Job Queue

How the PostgreSQL-backed job queue works, including LISTEN/NOTIFY wakeup and retry logic.

Design Principles

PostgreSQL-native: no Redis, no RabbitMQ — one less dependency, one more thing Postgres does well
At-least-once delivery: jobs can be retried; handlers must be idempotent (use dedupeKey)
Instant wakeup: a LISTEN/NOTIFY trigger fires the moment a job is enqueued — no polling lag
Concurrency-safe: SELECT FOR UPDATE SKIP LOCKED ensures each job is claimed by exactly one worker

Job Kinds

Kind	Triggered By	Handler
`agent-turn`	Gateway inbound message	`agent-turn.ts`
`trigger-fire`	Cron or webhook trigger	`trigger-fire.ts`
`analytics-write`	Tool execution events	`analytics-write.ts`
`provider-refresh`	Scheduled provider check	`provider-refresh.ts`
`orchestrator-plan`	`POST /v1/orchestrate`	`orchestrator-plan.ts`
`orchestrator-subtask`	After plan creation	`orchestrator-subtask.ts`
`orchestrator-synthesize`	All subtasks done	`orchestrator-synthesize.ts`
`dispatch-execute`	Agent `dispatch` tool call	`dispatch-execute.ts`
`dispatch-synthesize`	All remote agents returned	`dispatch-synthesize.ts`
`embed-memories`	Manual or cron	`embed-memories.ts`

Enqueueing

import { JobsClient } from "@orginabox/core/jobs"
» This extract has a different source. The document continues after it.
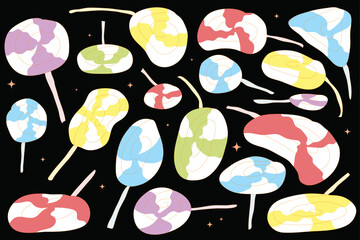 Doodle Candy Illustration Background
const jobs = new JobsClient(db)

await jobs.enqueue({
  kind: "agent-turn",
  payload: { userId, sessionId, text, channel: "slack" },
  dedupeKey: `slack:${externalId}:${messageTs}`,  // optional
  runAt: new Date(),                               // optional; default now()
  maxAttempts: 3,                                  // optional; default 3
})

The dedupeKey partial unique index prevents duplicate jobs: if a job with the same dedupeKey already exists in pending status, the insert is a no-op.

Claim & Execute Loop

while (not stopping):
  job = SELECT id FROM jobs
        WHERE status = 'pending' AND run_at <= now()
        ORDER BY run_at ASC
        FOR UPDATE SKIP LOCKED
        LIMIT 1

  if no job:
    wait for NOTIFY or idle timeout (5s)
    continue

  UPDATE jobs SET status='running', locked_by=workerId, attempts=attempts+1

  try:
    result = handler(payload, record, ctx)
    UPDATE jobs SET status='completed', result=result
  except:
    if attempts >= maxAttempts:
      UPDATE jobs SET status='failed', error=message
    else:
      delay = base * attempt^2   # exponential backoff
      UPDATE jobs SET status='pending', run_at=now()+delay

Recovery

On worker boot, any job stuck in running state for >5 minutes (worker crashed mid-job) is reset to pending automatically.

Scaling

Multiple workers can run in parallel — each worker claims different jobs because of SKIP LOCKED. The lockedBy column records which worker holds each job.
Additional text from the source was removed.